Re: [PATCH 2/2] mm, oom: do not enfore OOM killer for __GFP_NOFAIL automatically

From: Michal Hocko
Date: Thu Dec 08 2016 - 08:47:25 EST


On Thu 08-12-16 21:53:44, Tetsuo Handa wrote:
> Michal Hocko wrote:
> > On Tue 06-12-16 19:38:38, Tetsuo Handa wrote:
> > > You are trying to increase possible locations of lockups by changing
> > > default behavior of __GFP_NOFAIL.
> >
> > I disagree. I have tried to explain that it is much more important to
> > have fewer silent side effects than optimize for the very worst case. I
> > simply do not see __GFP_NOFAIL lockups so common to even care or tweak
> > their semantic in a weird way. It seems you prefer to optimize for the
> > absolute worst case and even for that case you cannot offer anything
> > better than randomly OOM killing random processes until the system
> > somehow resurrects or panics. I consider this a very bad design. So
> > let's agree to disagree here.
>
> You think that invoking the OOM killer with __GFP_NOFAIL is worse than
> locking up with __GFP_NOFAIL.

Yes and I have explained why.

> But I think that locking up with __GFP_NOFAIL
> is worse than invoking the OOM killer with __GFP_NOFAIL.
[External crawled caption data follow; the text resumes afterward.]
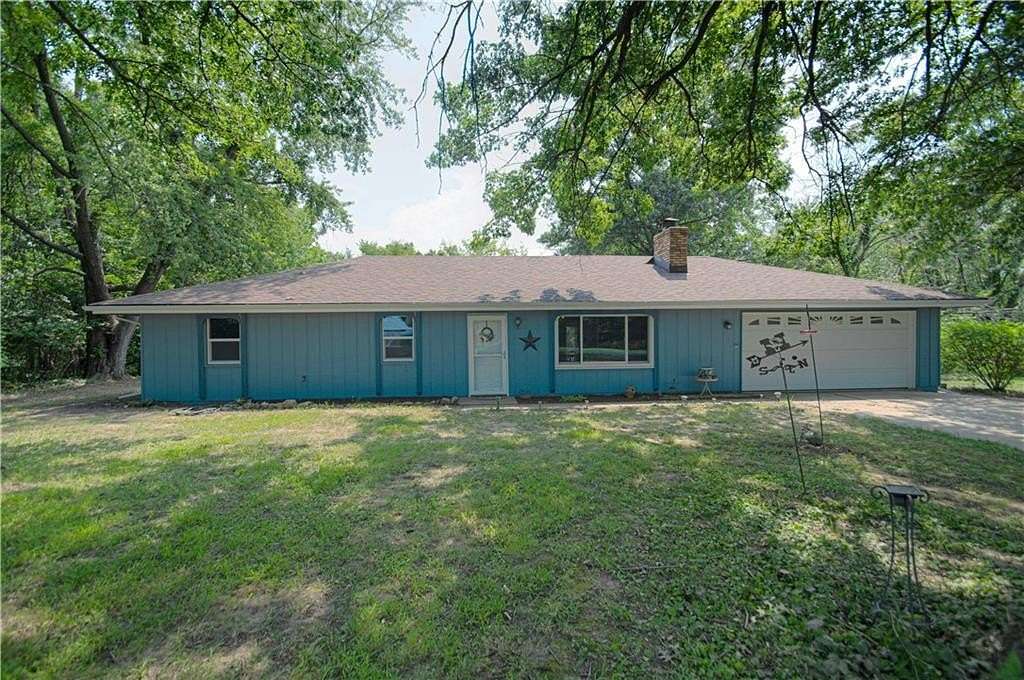 3.3 Acres of Land with Home for Sale in Excelsior Springs, Missouri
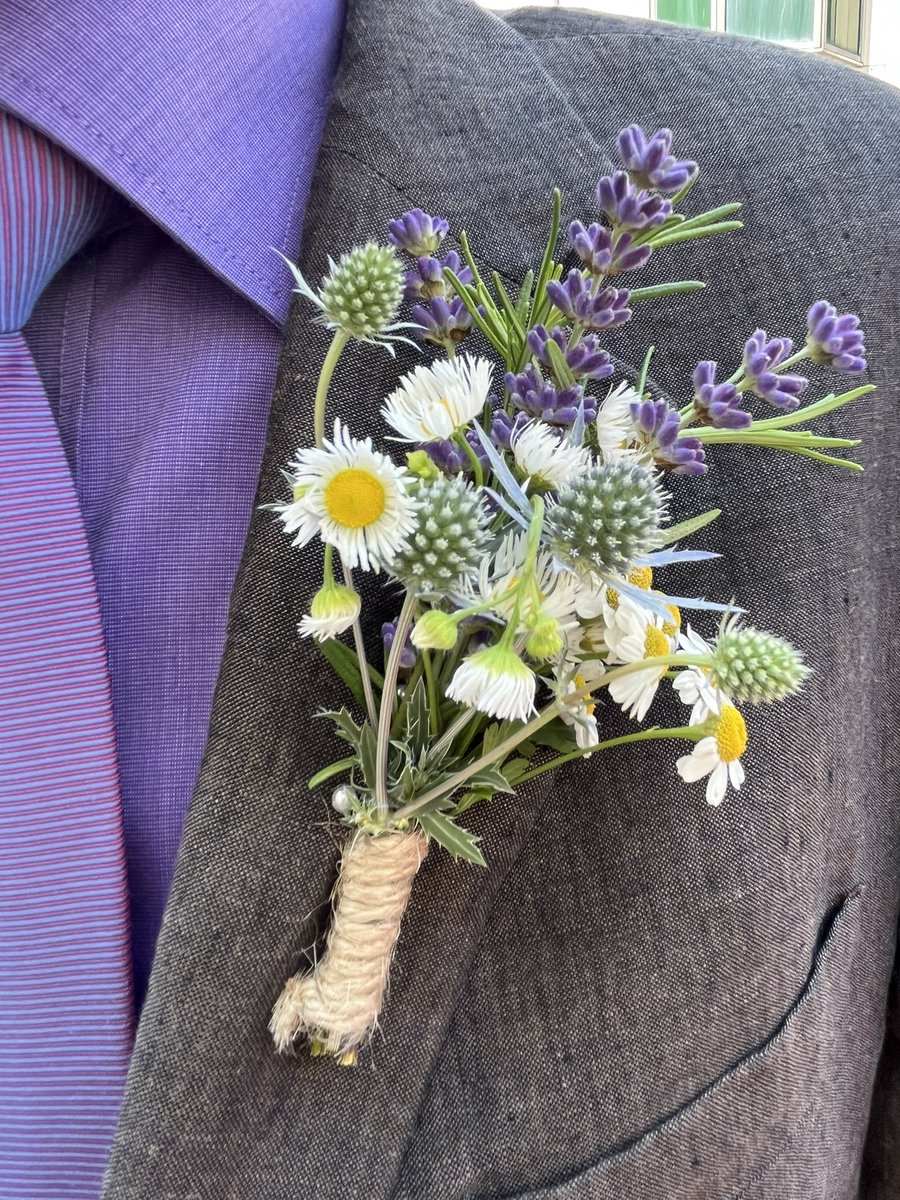 My son got married! I brought a little of our garden to his wedding; rosemary for love (and his love of cooking), lavender for devotion and serenity, Daisy is his wife’s middle name and also for joy and cheerfulness, eryngium for attraction and independence #GardensHour #Flowers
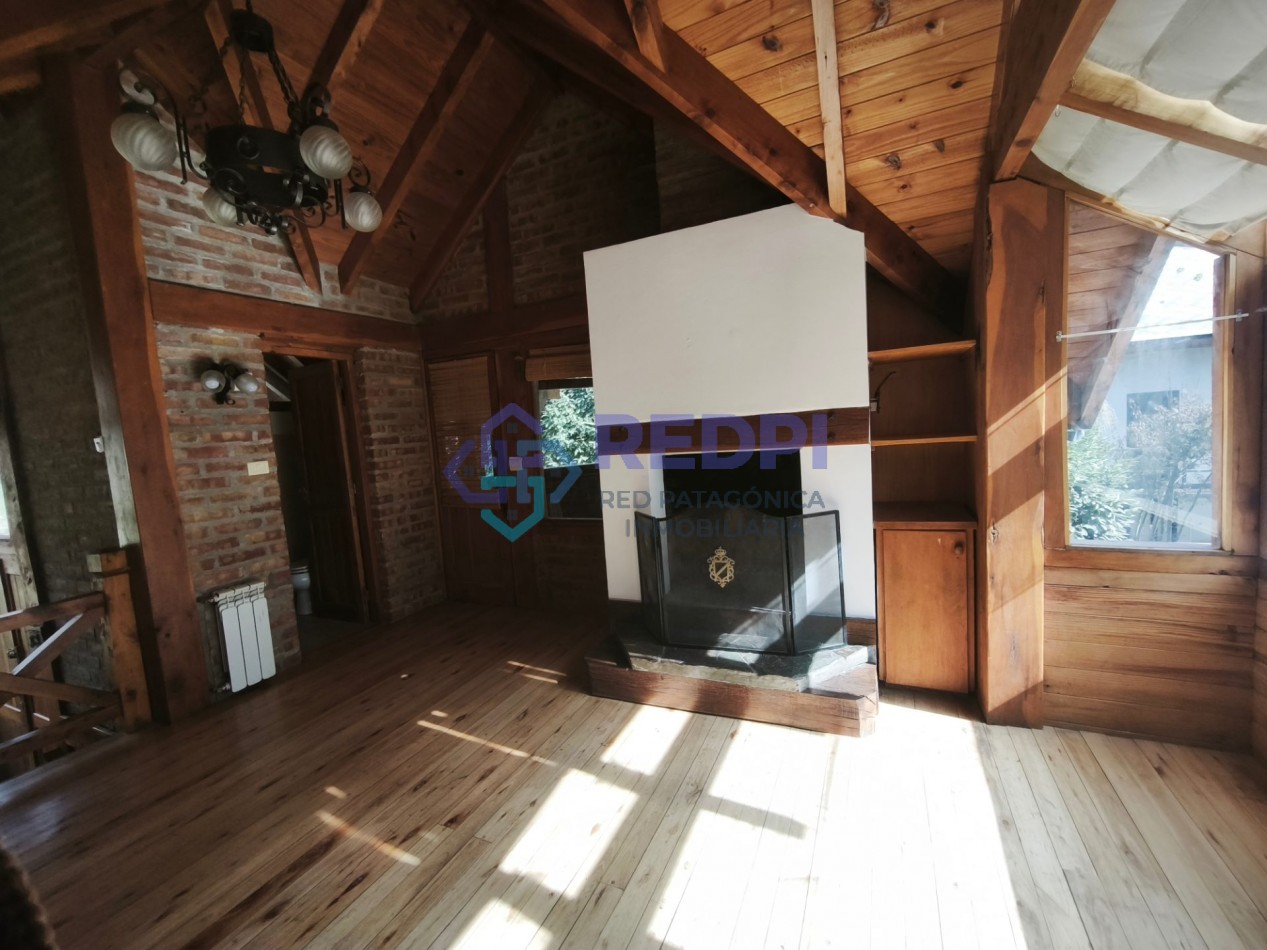 Casa de tres dormitorios en barrio Las Margaritas alquiler permanente 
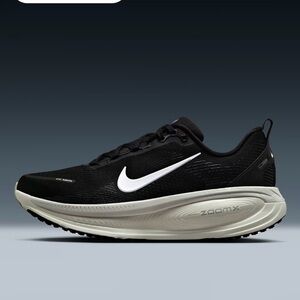 Nike Vomero 18 Men’s NWT US 11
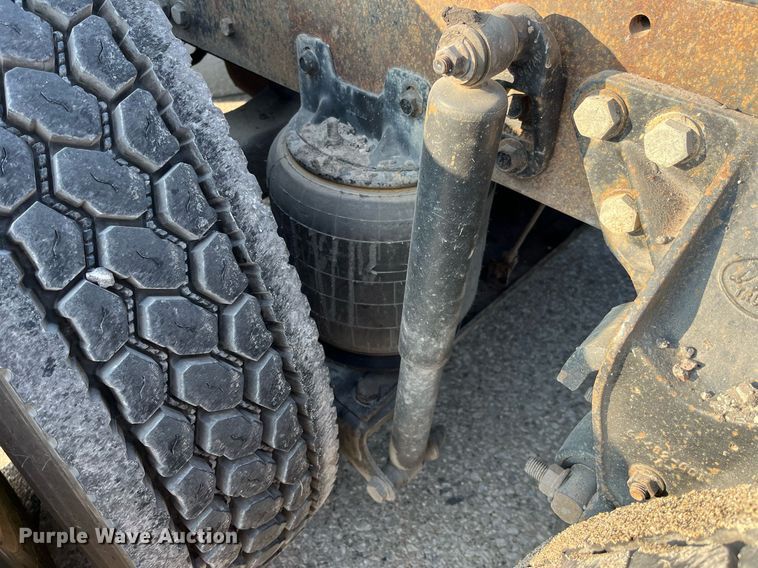 image for item DP2055 2010 Mack CHU613  semi truck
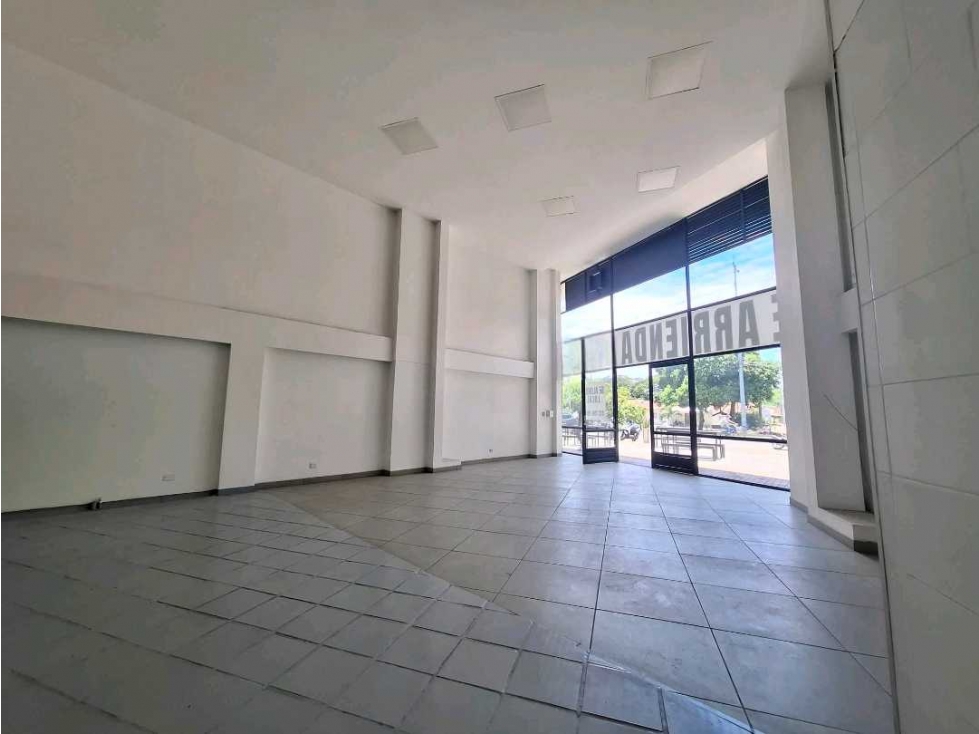 SE ARRIENDA LOCAL COMERCIAL MALL CASCABELES CARTAGO VALLE - 3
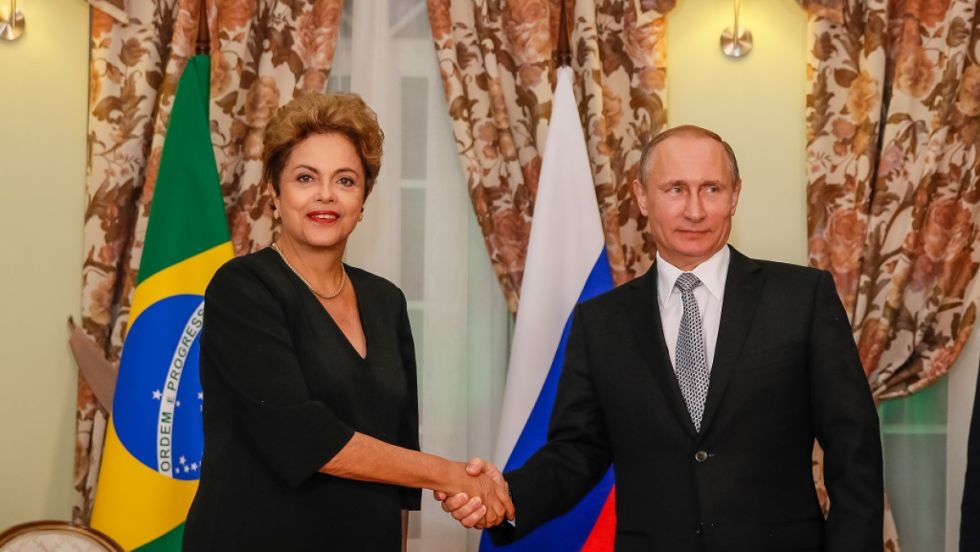 BRICS: Putin se reúne con Dilma Rousseff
Without any actual arguments based just on handwaving.

> If we could agree
> with calling __alloc_pages_nowmark() before out_of_memory() if __GFP_NOFAIL
> is given, we can avoid locking up while minimizing possibility of invoking
> the OOM killer...

I do not understand. We do __alloc_pages_nowmark even when oom is called
for GFP_NOFAIL.

> I suggest "when you change something, ask users who are affected by
> your change" because patch 2 has values-based conflict.
>
[...]
> > > Those callers which prefer lockup over panic can specify both
> > > __GFP_NORETRY and __GFP_NOFAIL.
> >
> > No! This combination just doesn't make any sense. The same way how
> > __GFP_REPEAT | GFP_NOWAIT or __GFP_REPEAT | __GFP_NORETRY make no sense
> > as well. Please use a common sense!
>
> I wonder why I'm accused so much. I mentioned that patch 2 might be a
> garbage because patch 1 alone unexpectedly provided a mean to retry forever
> without invoking the OOM killer.

Which is the whole point of the patch and the changelog is vocal about
that. Even explaining why it is desirable to not override decisions when
the oom killer is not invoked. Please reread that and object if the
argument is not correct.

> You are not describing that fact in the
> description. You are not describing what combinations are valid and
> which flag is stronger requirement in gfp.h (e.g. __GFP_NOFAIL v.s.
> __GFP_NORETRY).

Sigh... I really fail to see why I should describe an impossible gfp
mask combination which is _not_ used in the kernel. Please stop this
strawman, I am really tired of it.

> > Invoking or not invoking the oom killer is the page allocator internal
> > business. No code outside of the MM is to talk about those decisions.
> > The fact that we provide a lightweight allocation mode which doesn't
> > invoke the OOM killer is a mere implementation detail.
>
> __GFP_NOFAIL allocation requests for e.g. fs writeback is considered as
> code inside the MM because they are operations for reclaiming memory.
> Such __GFP_NOFAIL allocation requests should be given a chance to choose
> which one (possibility of lockup by not invoking the OOM killer or
> possibility of panic by invoking the OOM killer) they prefer.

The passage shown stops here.